Cet officier a publié depuis, en Angleterre, des documens intéressans sur la marine russe[1]. Venu à Saint-Pétersbourg dans l’été de 1836, il a été accueilli par l’empereur avec la bienveillance et l’urbanité parfaites que tous les étrangers trouvent près de ce souverain. Je citerai donc ses paroles, mais en faisant remarquer préalablement qu’un sentiment de patriotisme, bien louable sans doute, a, ce me semble, augmenté, aux yeux du capitaine Craufurd, depuis son retour en Angleterre, les inquiétudes que lui causent les progrès de la marine naissante de la Russie.

Ce qui a d’abord frappé M. Craufurd en Russie, c’est l’empressement que l’empereur met à montrer sa flotte et à fournir aux officiers étrangers tous les moyens de l’examiner ; c’est aussi l’activité immense et la connaissance pratique de l’empereur en ce qui concerne les manœuvres et les détails de l’armement maritime.
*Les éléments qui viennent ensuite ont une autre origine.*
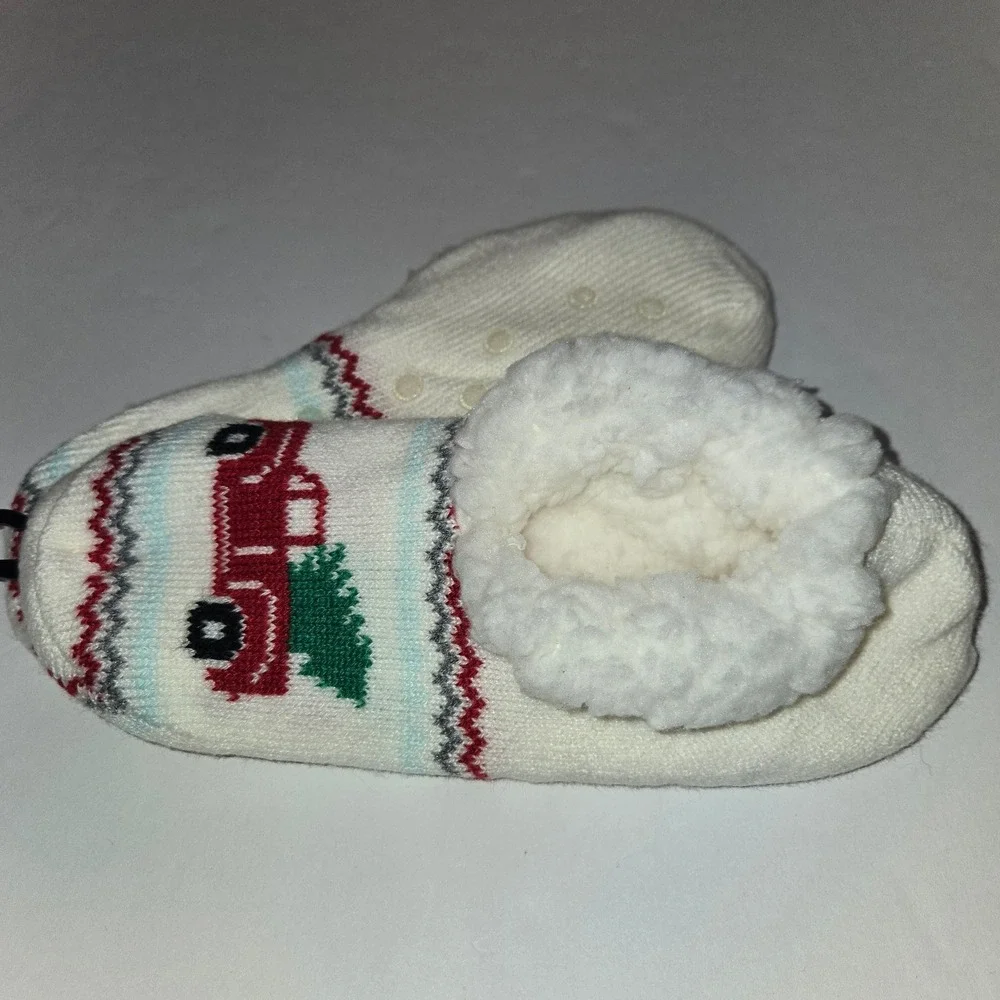 Northeast Outfitters Youth Cozy‎ Cabin Slippers Cream Christmas Truck & Tree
Un officier-général prussien, le comte de Bismark, venu à Pétersbourg dans l’été de 1835, et qui a publié ses observations sur l’armée russe après avoir assisté aux manœuvres de Tzarskoé-Célo, comme M. Craufurd a publié ses remarques sur la flotte russe après avoir vu les manœuvres de Cronstadt, parle avec le même enthousiasme de la capacité et de la science militaire de l’empereur, de la connaissance approfondie qu’il possède de tous les détails des troupes, et de la précision avec laquelle il les commande, portant la connaissance du métier jusqu’à donner les signaux des mouvemens de cavalerie par son trompette, non pas seulement en prononçant le mot du commandement, mais en marquant lui-même avec la voix les airs usités pour les marches[2]. Il est facile de concevoir que les armées russes de terre et de mer doivent se ressentir d’un tel chef.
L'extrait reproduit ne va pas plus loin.